● Information provided
____

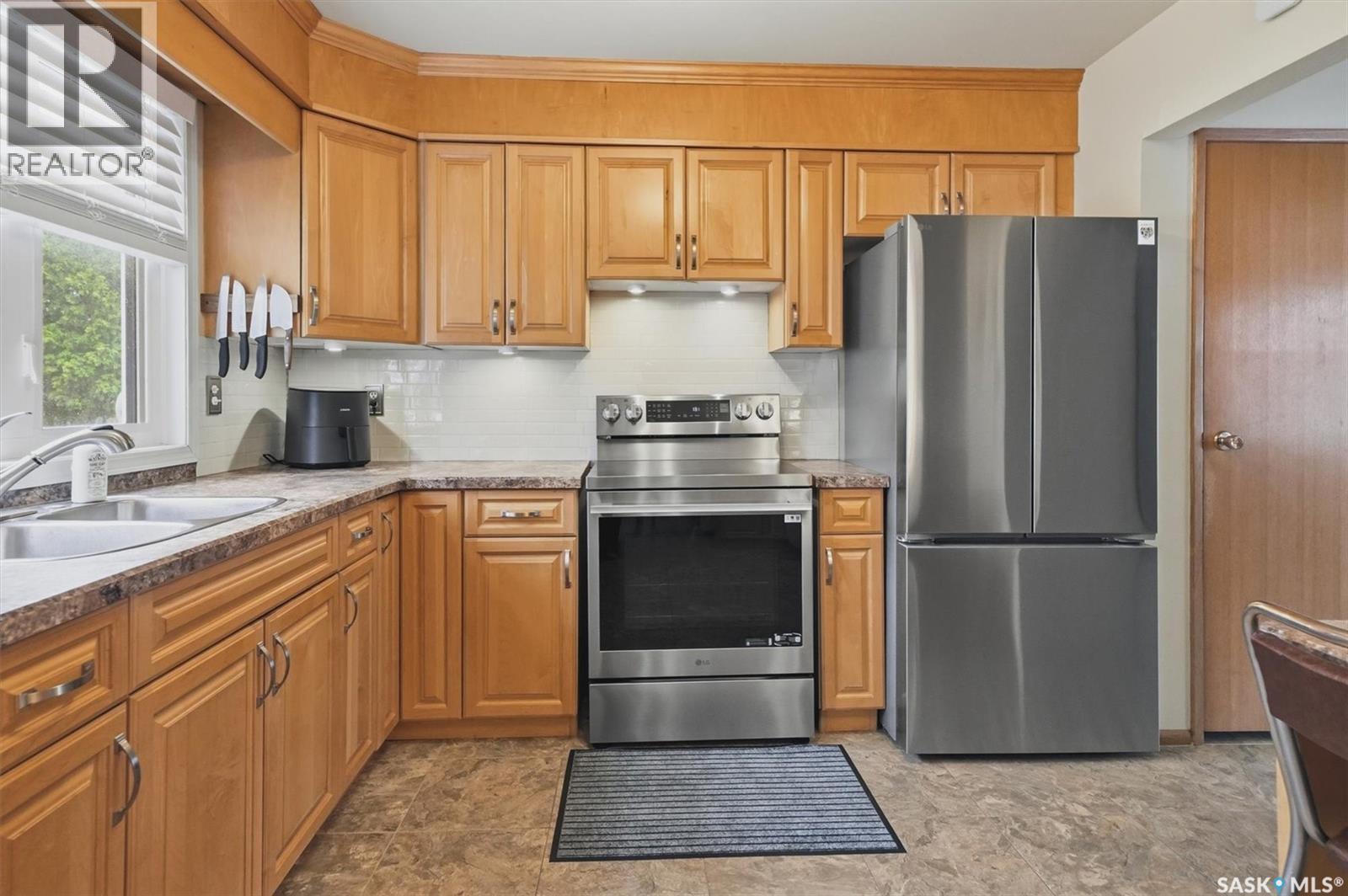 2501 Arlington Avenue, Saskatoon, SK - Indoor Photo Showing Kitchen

____

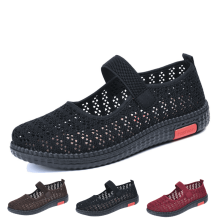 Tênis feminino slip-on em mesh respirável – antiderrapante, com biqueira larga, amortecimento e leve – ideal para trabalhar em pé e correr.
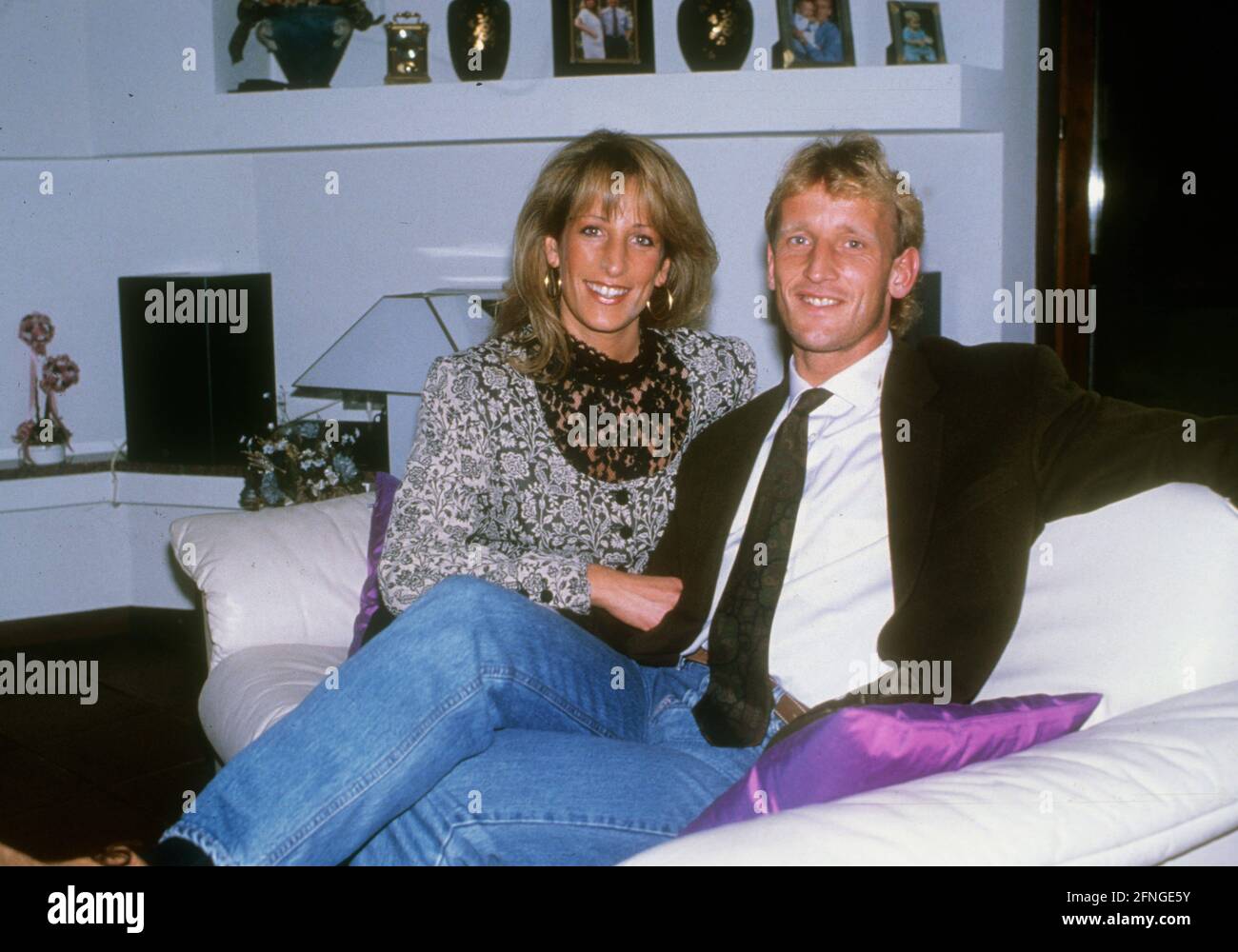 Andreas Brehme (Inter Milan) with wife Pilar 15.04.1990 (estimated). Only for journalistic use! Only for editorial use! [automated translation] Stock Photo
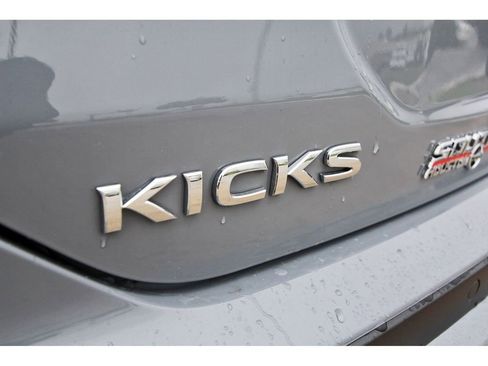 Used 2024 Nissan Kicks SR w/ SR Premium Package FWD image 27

____

● Task brief
Starting at the line above that holds "Andreas Brehme (Inter", repeat every line exactly down to and including the line that holds "Used 2024 Nissan", then stop. Do not carry over any pictures.

● Answer for this exercise
 Andreas Brehme (Inter Milan) with wife Pilar 15.04.1990 (estimated). Only for journalistic use! Only for editorial use! [automated translation] Stock Photo
 Used 2024 Nissan Kicks SR w/ SR Premium Package FWD image 27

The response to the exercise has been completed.